# To do
Images do not belong in the copy. Retype the entries exactly.

[Scraped caption text data]
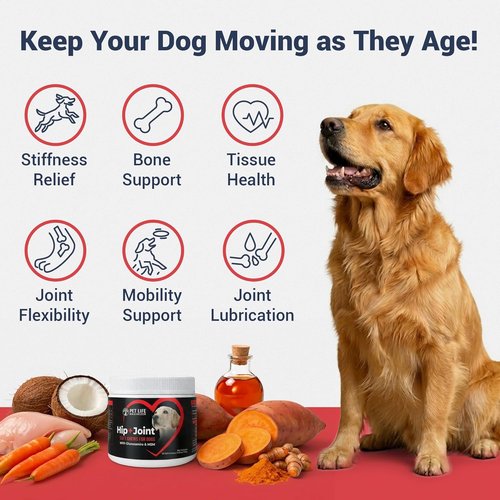 3-in-1 Advanced Dog Hip & Joint Supplement - Tasty Glucosamine Chews for All Breeds & Seniors - Chicken Flavor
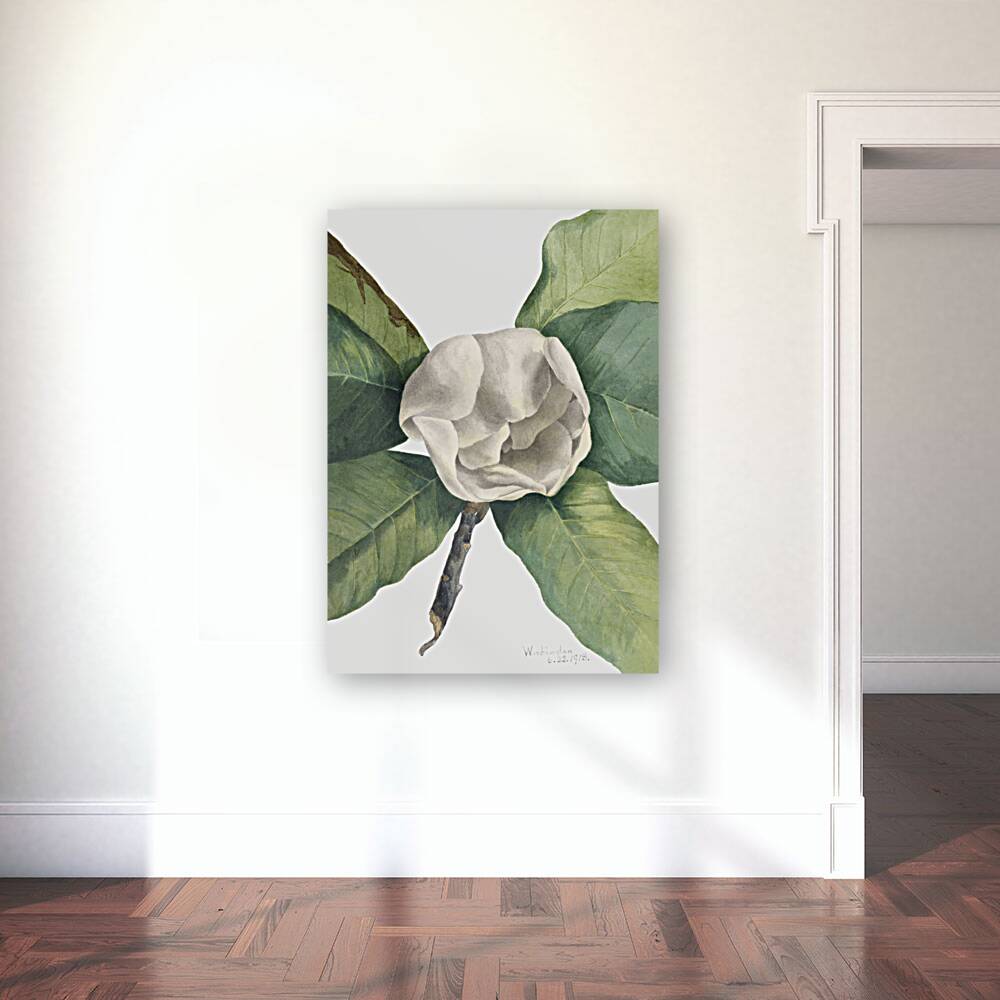 Southern Magnolia Magnolia grandiflora 1918 Reproduction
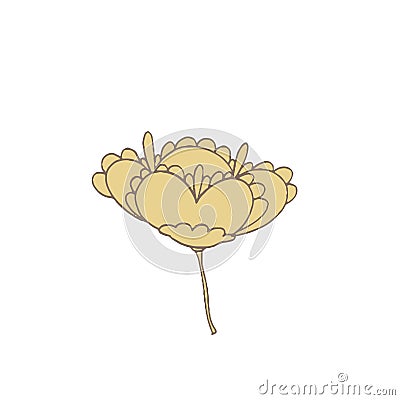 Simple unusual flowers Vector Illustration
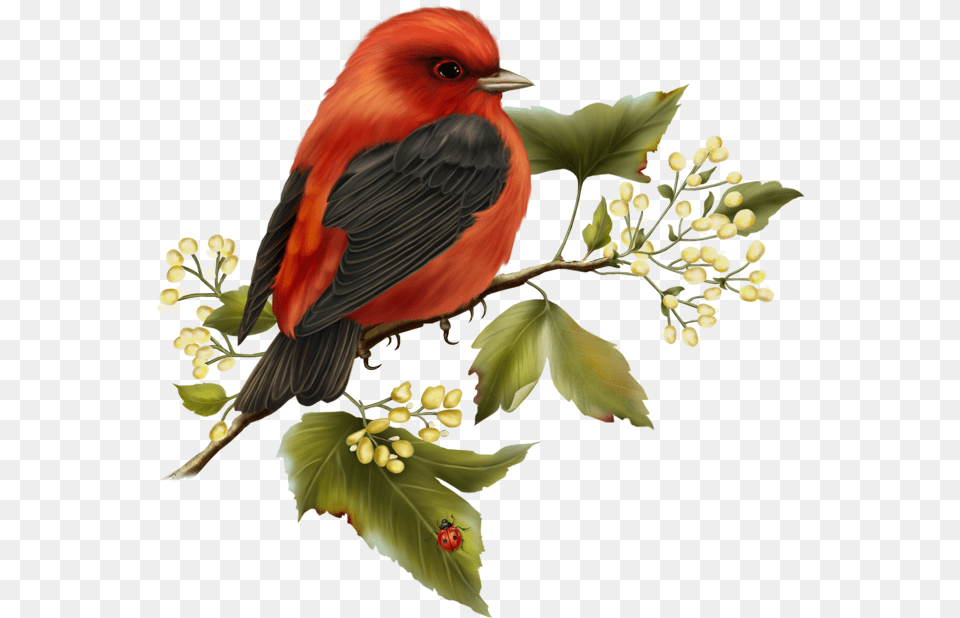 Bird With Flower Clipart Picture Library Red And Black Birds On Flowers Clipart, Animal, Finch, Flower Arrangement, Plant Free Png Download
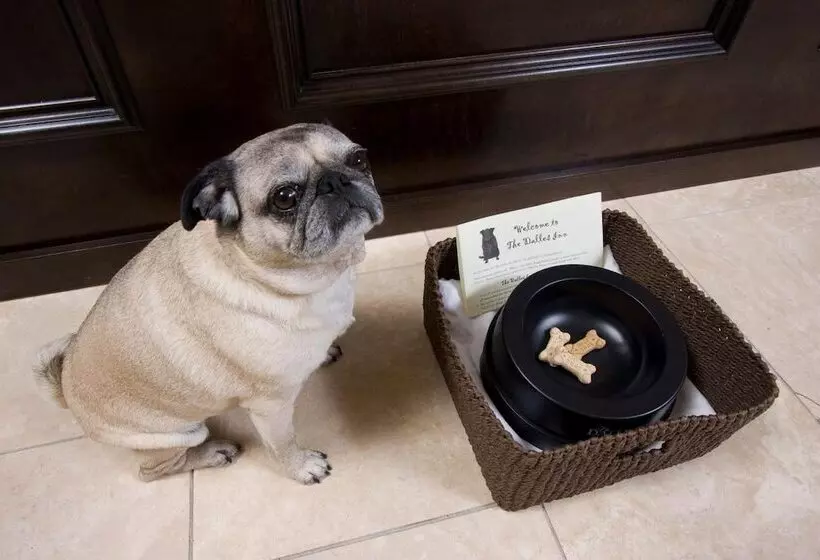 Отель The Dalles Inn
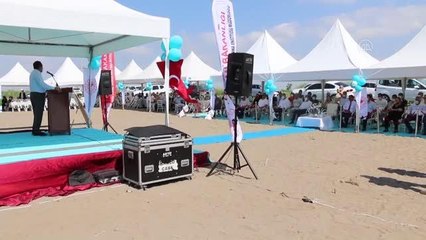 "Ayşehanım" yer fıstığı çeşidi tarla günü etkinliğiyle tanıtıldı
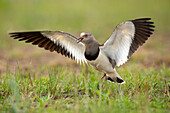 Black-winged Lapwing (Vanellus melanopterus) calling during defensive display, KwaZulu-Natal, South Africa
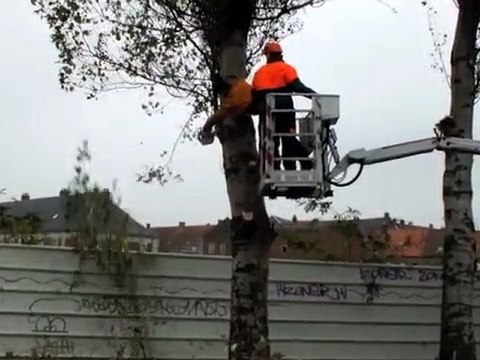 Cambrai: 60 arbres dangereux vont être abattus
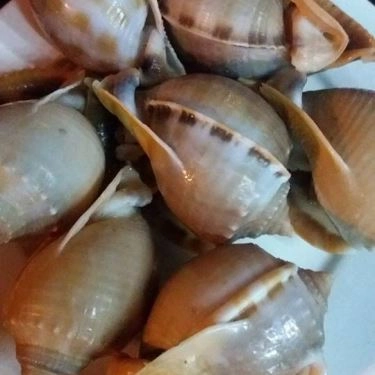 Món ăn- Quán Ăn Ốc Gành Son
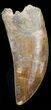Curved Carcharodontosaurus Tooth - Serrated #32410-1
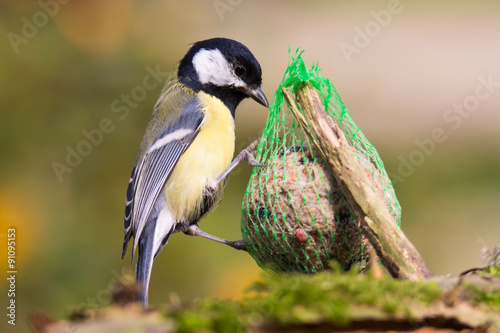 Kolmeise an der Sommerfütterung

# Solution to this problem
 3-in-1 Advanced Dog Hip & Joint Supplement - Tasty Glucosamine Chews for All Breeds & Seniors - Chicken Flavor
 Southern Magnolia Magnolia grandiflora 1918 Reproduction
 Simple unusual flowers Vector Illustration
 Bird With Flower Clipart Picture Library Red And Black Birds On Flowers Clipart, Animal, Finch, Flower Arrangement, Plant Free Png Download
 Отель The Dalles Inn
 "Ayşehanım" yer fıstığı çeşidi tarla günü etkinliğiyle tanıtıldı
 Black-winged Lapwing (Vanellus melanopterus) calling during defensive display, KwaZulu-Natal, South Africa
 Cambrai: 60 arbres dangereux vont être abattus
 Món ăn- Quán Ăn Ốc Gành Son
Curved Carcharodontosaurus Tooth - Serrated #32410-1
 Kolmeise an der Sommerfütterung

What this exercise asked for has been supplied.